September 14th, 2011
6 Ways To Think About Hispanic Heritage Month

Although many Latinos celebrate our distinct contributions to the fabric of America throughout the year, Hispanic Heritage Month is a time when the rest of the country is invited to understand both our unique transnational heritage and our role in shaping the future of our country. However, all too often, many Latinos are simply unaware of the broader features of our community. This September 15 – October 15 offers every Latino community organizer, activist and politico a chance to familiarize themselves with contemporary Latino trends.

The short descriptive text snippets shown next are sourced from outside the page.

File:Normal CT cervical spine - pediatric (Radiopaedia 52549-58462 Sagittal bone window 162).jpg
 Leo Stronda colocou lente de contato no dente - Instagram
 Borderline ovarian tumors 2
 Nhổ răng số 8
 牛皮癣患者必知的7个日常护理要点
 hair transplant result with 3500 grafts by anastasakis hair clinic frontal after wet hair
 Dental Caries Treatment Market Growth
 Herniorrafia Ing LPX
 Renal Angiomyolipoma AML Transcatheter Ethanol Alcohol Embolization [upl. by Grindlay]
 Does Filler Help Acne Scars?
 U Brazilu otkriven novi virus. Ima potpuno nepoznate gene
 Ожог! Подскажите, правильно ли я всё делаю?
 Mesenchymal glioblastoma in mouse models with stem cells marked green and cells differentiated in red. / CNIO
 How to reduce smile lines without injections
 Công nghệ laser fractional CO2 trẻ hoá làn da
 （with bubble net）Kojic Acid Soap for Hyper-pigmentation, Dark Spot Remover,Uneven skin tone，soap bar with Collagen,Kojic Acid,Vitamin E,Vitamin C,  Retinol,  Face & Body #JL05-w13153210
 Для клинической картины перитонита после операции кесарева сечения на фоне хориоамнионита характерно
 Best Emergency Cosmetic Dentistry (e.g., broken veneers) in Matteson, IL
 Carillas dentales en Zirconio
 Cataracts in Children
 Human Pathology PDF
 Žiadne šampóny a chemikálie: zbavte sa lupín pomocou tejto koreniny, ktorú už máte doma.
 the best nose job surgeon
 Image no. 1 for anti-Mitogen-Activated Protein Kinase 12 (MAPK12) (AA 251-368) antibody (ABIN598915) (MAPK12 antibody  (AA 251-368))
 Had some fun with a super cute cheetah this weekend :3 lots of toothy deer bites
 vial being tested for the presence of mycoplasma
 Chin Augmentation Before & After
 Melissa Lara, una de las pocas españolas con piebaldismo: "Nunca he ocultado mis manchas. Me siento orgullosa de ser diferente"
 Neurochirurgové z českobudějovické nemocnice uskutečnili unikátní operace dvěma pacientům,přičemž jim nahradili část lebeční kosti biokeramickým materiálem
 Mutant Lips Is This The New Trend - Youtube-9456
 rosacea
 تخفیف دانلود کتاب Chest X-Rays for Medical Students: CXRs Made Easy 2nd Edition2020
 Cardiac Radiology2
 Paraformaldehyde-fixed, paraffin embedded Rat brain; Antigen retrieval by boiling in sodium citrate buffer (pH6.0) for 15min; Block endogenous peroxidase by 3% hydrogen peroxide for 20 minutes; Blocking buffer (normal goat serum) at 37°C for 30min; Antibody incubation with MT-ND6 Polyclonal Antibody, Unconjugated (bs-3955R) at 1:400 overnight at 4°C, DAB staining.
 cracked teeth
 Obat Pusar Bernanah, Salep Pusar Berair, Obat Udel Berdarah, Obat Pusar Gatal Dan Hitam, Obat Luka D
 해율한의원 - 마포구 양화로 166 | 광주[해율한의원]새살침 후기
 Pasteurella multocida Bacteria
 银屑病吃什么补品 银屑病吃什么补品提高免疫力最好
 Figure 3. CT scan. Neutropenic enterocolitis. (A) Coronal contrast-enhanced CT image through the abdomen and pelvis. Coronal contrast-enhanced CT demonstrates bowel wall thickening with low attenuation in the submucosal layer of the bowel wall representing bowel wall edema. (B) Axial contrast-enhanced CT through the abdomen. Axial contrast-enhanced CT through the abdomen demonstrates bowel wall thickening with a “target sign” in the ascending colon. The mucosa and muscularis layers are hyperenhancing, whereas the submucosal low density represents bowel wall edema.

Here are six major areas to reconsider:

SCALE: According to the most recent decennial census, the U.S. Latino population, including the Latino population of Puerto Rico, is now over 54.2 million and has now become America’s largest ethnic minority as well as the largest mestizo or population of mixed racial origins in the country. Due to the extraordinary rate of growth that the Latino population has experienced in recent decades, the American Latino population is now the second largest Hispanic population worldwide. Another way to conceptualize the scale of the U.S. Latino population, including Puerto Rico, is to visualize it as approximately half the size of the entire population of Mexico.

FAMILIES: This massive population is also comprised of over 11 million Latino families distributed across every region of the U.S. and Puerto Rico. Of these families, nearly two-thirds were comprised of a married couples. Nationally, over one-third of the U.S. Latino population was comprised of families who contained a married couple with children under the age of 18. Inside of these homes, over 35 million Latinos over the age of 5 speak Spanish with family members inside of the house–this number is equivalent to the 2000 U.S. Latino population.

AGE: If the U.S. Latino population were segmented into three distinct age groups, 34.3% would be under 18 years of age, 59.8% would be adults ages 18-64 and 5.5% would be senior citizens over 65.

VOTING: Although the U.S. Latino population has grown rapidly, Latino residents with citizenship who are at least 18 years of age and eligible to vote only amount to less than half of the overarching population. During the 2008 presidential election, which is recognized as the election that produced the highest Latino voter turnout in history, only 9.7 million or half of Latinos eligible to votes participated in that election. However, groups such as the National Association of Latino Elected Officials (NALEO) have recently projected that by the 2012 presidential, 12.2 million Latinos will vote.

EDUCATION: Due to the increasing proportion of young Latinos in the United States, within the K-12 grade levels, this sector now represents 20% of all primary and high school students. However, within higher education, only 12% of undergraduate and graduate students are of Latino ancestry. Over two million Latinos have undergraduate degrees, but only one million Latinos in America have an advanced degree (i.e., MA, MFA, JD, PhD). Across the U.S. Latino community, however, the increased number of new high school graduates as well as undergraduate and graduate degree holders has become disproportionately female driven across the last two decades.

MILITARY SERVICE: Equivalent to the total scale of Latino advanced degree holders, one out of 50 Latinos in the United States are veterans of the armed forces.

Harnessing the future energy of this burgeoning sector of the American populace requires us all to not only reflect on how much Latino population growth has transpired in this last decade alone, but how along with this growth emerges tremendous responsibility.